Black Gate Zeppelin to Dragon*Con Update 6: Collateral Damage
Adrift over the Great Black Swamp, the wingless flying car Caeruleum probed earth water and the night-dark sky with the sightless fingers of sensor beams.
“The principle is simple enough,” explained Rapunzel McNally, the mad philologist’s beautiful daughter, her clear-cut features lit an eerie green from readouts on the air-car’s control panel. “The cicadas and crickets of the swamp, responding to ancient magnetic rhythms in the earth, spell out messages from the timeless times from before time. My father explained it to me.”
“I suppose it hasn’t occurred to you,” I said, “that your father is the one who’s simple?”
Her father, the mad philologist Gabriel McNally, was in the back seat of the aircar, wearing his most stylish straightjacket. After his denial of tenure by the University of Mackinac he had spent a month drinking absinthe, and had disappeared for another month into the swamp. He returned babbling about a convention of dragons and messages from the Old Ones.
“Crazy, yes,” the steely young woman replied. “Simple, no. I’m pretty sure he saw something out there.”
“I saw it!” McNally shrieked, what hair he had standing up for emphasis, like the remains of a burned out forest. “Such an unbelievable behemothic monstrosity that I could not doubt the power of its original to kill with its mere sight. Even now I cannot begin to suggest it with any words at my command. I might call it gigantic–tentacled–proboscidian–octopus-eyed–semi-amorphous–plastic–partly squamous and partly rugose–Ugh! But nothing I could say could even adumbrate the loathsome, unholy, non-human, extra-galactic horror and hatefulness and unutterable evil of that forbidden spawn of black chaos and illimitable night.”
I was unimpressed. If he’d read as much Vergil as he obviously had H.P. Lovecraft, then maybe they would have given him tenure at Mackinac.

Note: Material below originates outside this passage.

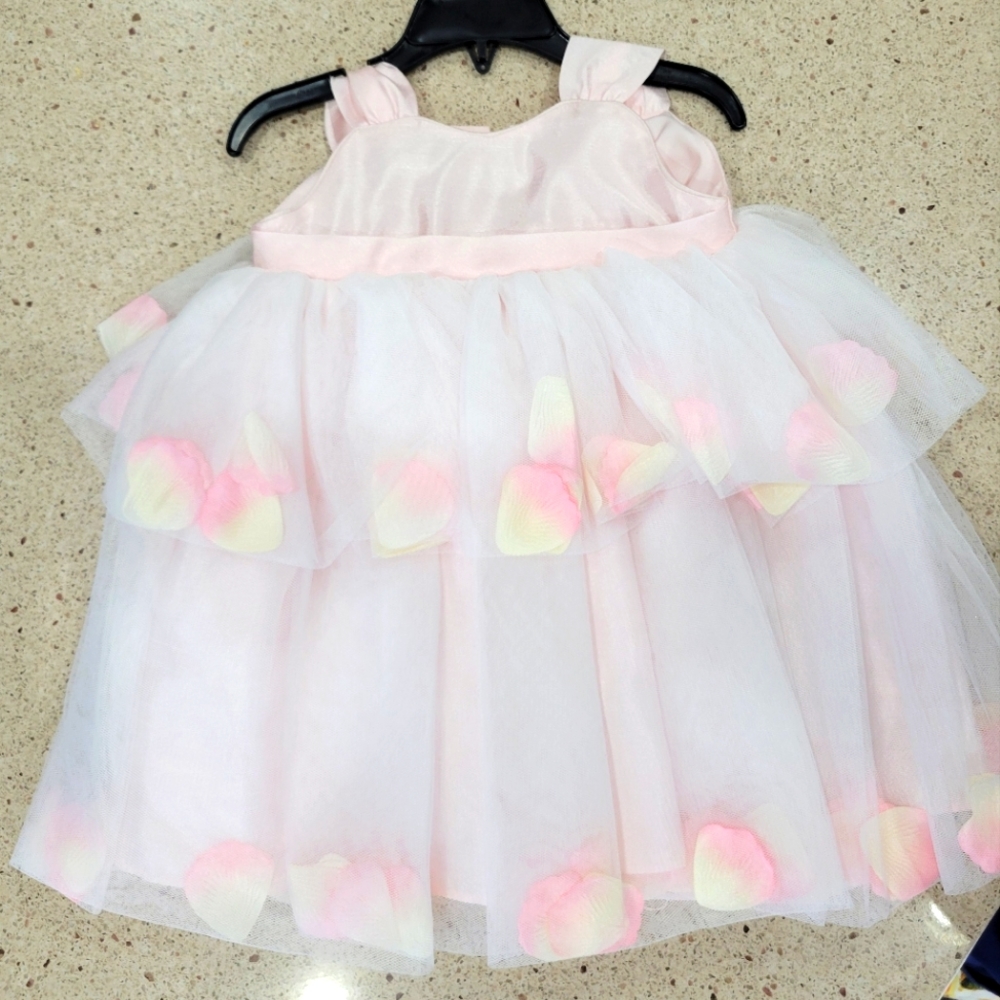 Pippa and Julie for Pastourelle pink 18 months dress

But I could not deny that something, something, was taking form on the sensor screen–symbols that almost carried meaning, delineated by the slow ghostly sweeps of the sensor beams.

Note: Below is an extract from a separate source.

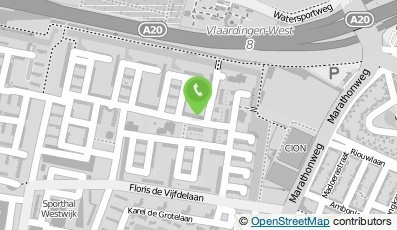 Bekijk kaart van Autorijschool Greenlight in Vlaardingen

Suddenly, the darkness of the night was shattered by a sunbright burning ellipsoid that soared over the eastern horizon. It was some sort of dirigible: I could see the name HAROLD LAMB and some other less legible markings on its side. The dirigible changed directions and speeds at an unbelievable rate, finally conducting a barrel-roll directly over the Caeruleum. Through the windows I saw a motley crew of adventurers tumbling about the cabin and through one of the broken portholes I heard someone screwam, “No! Jones, stop! Don’t press the red button! The motivators will go into overdrive and we’ll be smashed to pulp!”
In answer came an unearthly shriek, “Yes! Yes! Yes! Exactly! SMASHED TO PULP! Ahahahahaahaha!”

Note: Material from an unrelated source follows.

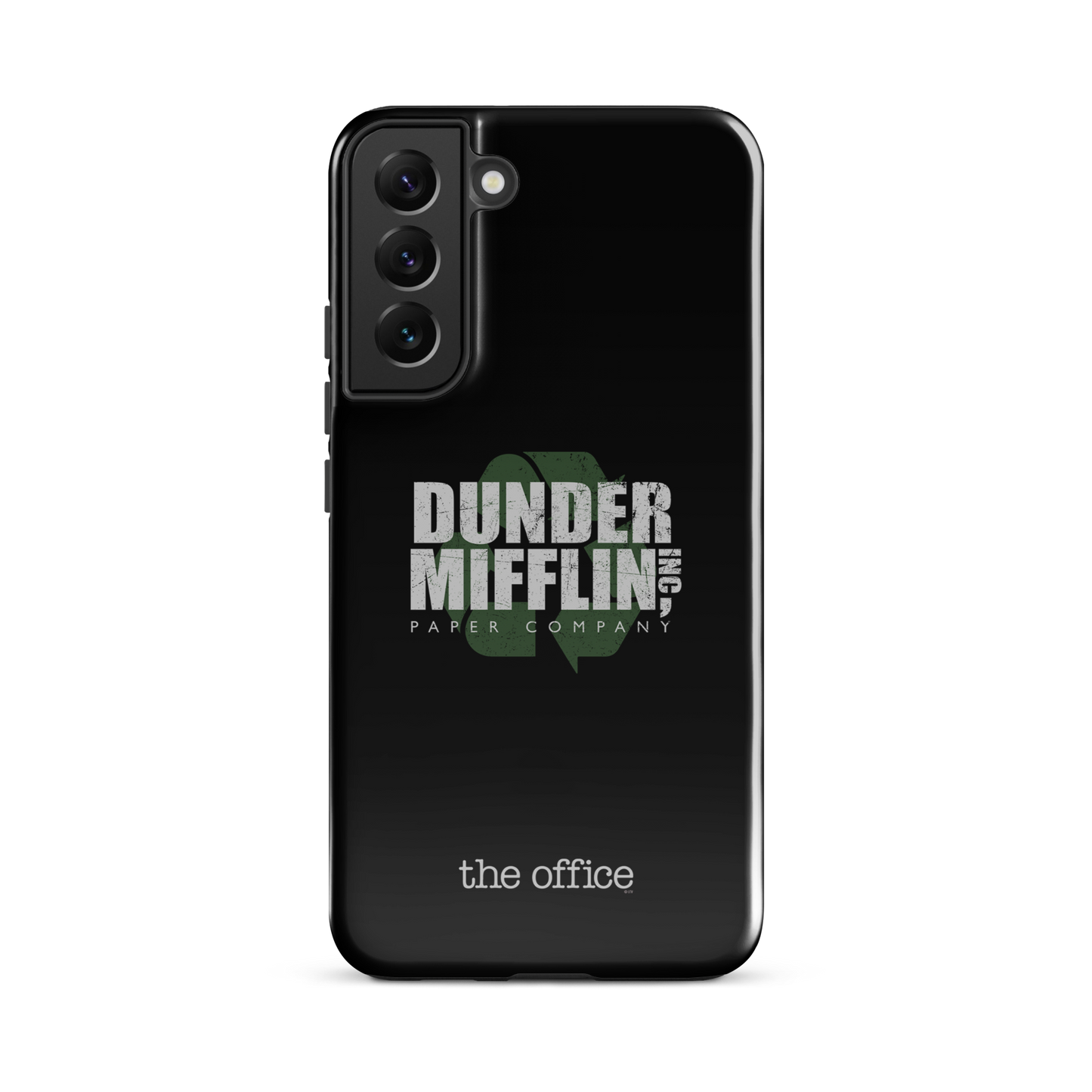 The Office Dunder Mifflin Recycle Tough Phone Case - Samsung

Then there was a sky-rending groan as the motivators of the unearthly airship went into overdrive. Caeruleum was struck from the sky by the invisible hammer of a sonic boom and all through the swamp crickets burst like green insectoid popcorn.
Then the deadly airship and its mad crew were gone over the far horizon. Rapunzel McNally deftly guided Caeruleum to the secret aircar port atop the Fortress of Engitude.
“I hate those guys,” she said laconically. “We get anything?”
There were two numbers burning on the sensor screen.
709
711
“What does it mean?” she asked.
“I’m pretty sure those are the Black Gate booth numbers at Dragon*Con,” I said.
“I guess we’re going to Dragon*Con, then.”
“I guess so.”
“It’s what the Old Ones would have wanted,” said crazy old McNally, partly rugose and completely squamose.
Dear Mr. Enge,
The mad philologist’s beautiful daughter sounds like my kinda gal. I hope she guides both her father and the Caeruleum to safety in Atlanta… And then stars in her very own novel! Or even better… Her own GRAPHIC NOVEL! “Rapunzel’s Road: The Adventures of a Mad Philologist’s Daughter.”
Were I not stuck back at Headquarters fighting off Evil Overlords, Robot Minions, Zombie Slaves and perfectly normal people dressed up as Wookies (all those who DIDN’T go to Dragon*Con, that is), foiling their nefarious corporate plots and, you know, saving the world and stuff, you can bet Booths 709 and 711 would be my first Dragon*Con stopover.
As it is, perhaps I shall get those numbers tattooed in luminous ink on some obscure but not entirely inaccessible portion of my anatomy, to amuse my friends and drive my foes to frothing lunacy with with the mystery of it all.
– C.S.E. Cooney
You lot aren’t getting close to anyone’s beautiful daughter until you take that wookie costume to the dry cleaners.